O ordenamento jurídico brasileiro reconhece a importância da descentralização e ampliação dos serviços cartoriais, conferindo aos cartórios municipais a atribuição de registro de imóveis e outras funções pertinentes. Tal medida visa beneficiar tanto a população quanto os municípios, proporcionando maior eficiência e acessibilidade aos serviços cartoriais.
COM A PALAVRA, A ANOREG- PARÁ
Em nota enviada ao Ver-o-Fato, a Associação dos Notários e Registradores do Estado do Pará (Anoreg-PA) esclarece a posição da entidade sobre o projeto de lei da iniciativa do Poder Judiciário e pontua outras questões. Leia a nota oficial, na íntegra:
“A ASSOCIAÇÃO DOS NOTÁRIOS E REGISTRADORES DO ESTADO DO PARÁ (ANOREG/PA) informa que não possui competência legislativa constitucional para propor quaisquer projetos de lei. Esclarece, também, que o projeto de lei 95/2024, que versa sobre a reorganização extrajudicial, objetiva um avanço na prestação do serviço notarial e registral em todo o Estado, proporcionando uma melhoria na qualidade de vida para toda a população paraense, evitando-se que Cartórios fiquem vagos e sem fiscalização, servindo de ambiente para a prática histórica de grilagens no nosso território.
Informa, ainda, que no último concurso do Estado, 271 Serventias não foram escolhidas pelos candidatos aprovados por falta de interesse, visto que se revelaram totalmente insustentáveis, permanecendo vagas.
Explicita, que o referido projeto de lei prevê a extinção unicamente de serventias sem sustentabilidade, sobretudo, as localizadas em vilas e distritos, contemplando, todavia, os serviços extrajudiciais itinerantes em TODAS essas localidades do Estado do Pará (artigo 7º), de modo que a população não fique desassistida. Ressalta-se que, NENHUM município paraense ficará sem Cartório e que todas as cidades do Estado do Pará que, atualmente, possuem Registro de Imóveis permanecerão com este serviço, ocorrendo, em alguns casos, a reorganização dos acervos, ou, em algumas comarcas, a unificação em um só Cartório, preservando-se, todavia, em absolutamente todas as situações, as serventias providas e, garantindo-se o atendimento da população.
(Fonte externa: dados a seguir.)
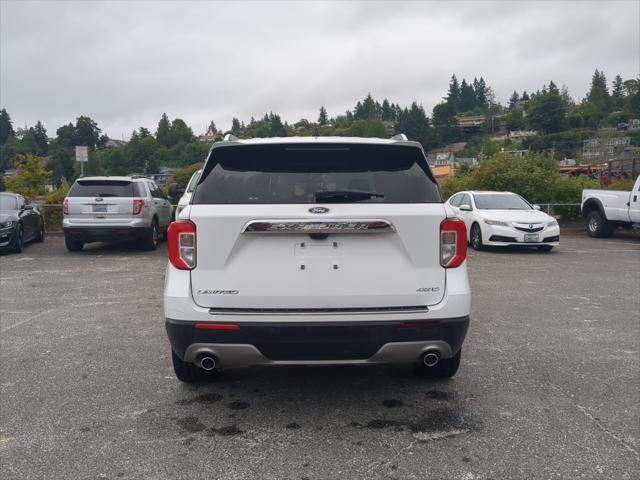 used 2021 Ford Explorer car, priced at $27,181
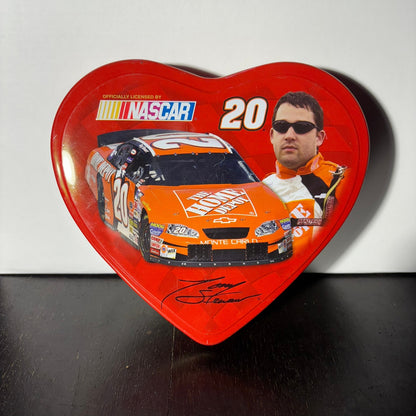 Nascar Tin Heart Box - Toy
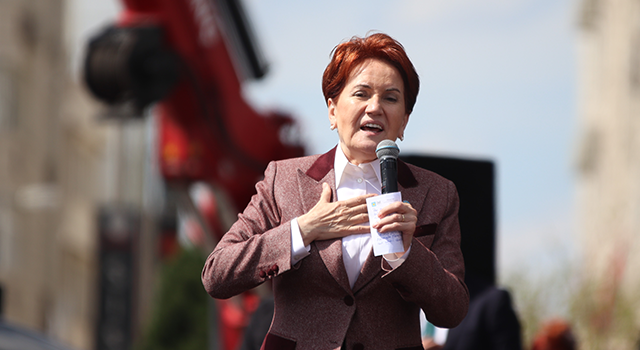 Akşener: “Cumhurbaşkanı çıkıyor, bizleri gömmekten bahsediyor. Biz düşman mıyız?”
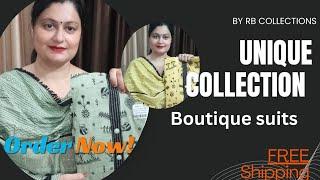 13/08/24 booking @99153 23998 Dhamakedar boutique collection with affordable prices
Nesse contexto, salienta-se, que, pelo projeto de lei em questão, NENHUM concursado será prejudicado com a perda de atribuições, conforme expressamente dispõe o seu artigo 3º: “As desacumulações, desmembramentos e extinções de serviços estabelecidos na presente lei se efetivarão após a vacância de titularidade dos respectivos serviços notariais e de registros”.
Por fim, a ANOREG/PA declara, ainda, que as propostas para a reorganização dos serviços extrajudiciais se iniciaram no Judiciário Paraense no ano de 2019, com ampla discussão e contraditório, baseando-se em estudos técnicos e critérios objetivos, desprovidos de qualquer pessoalidade ou parcialidade”.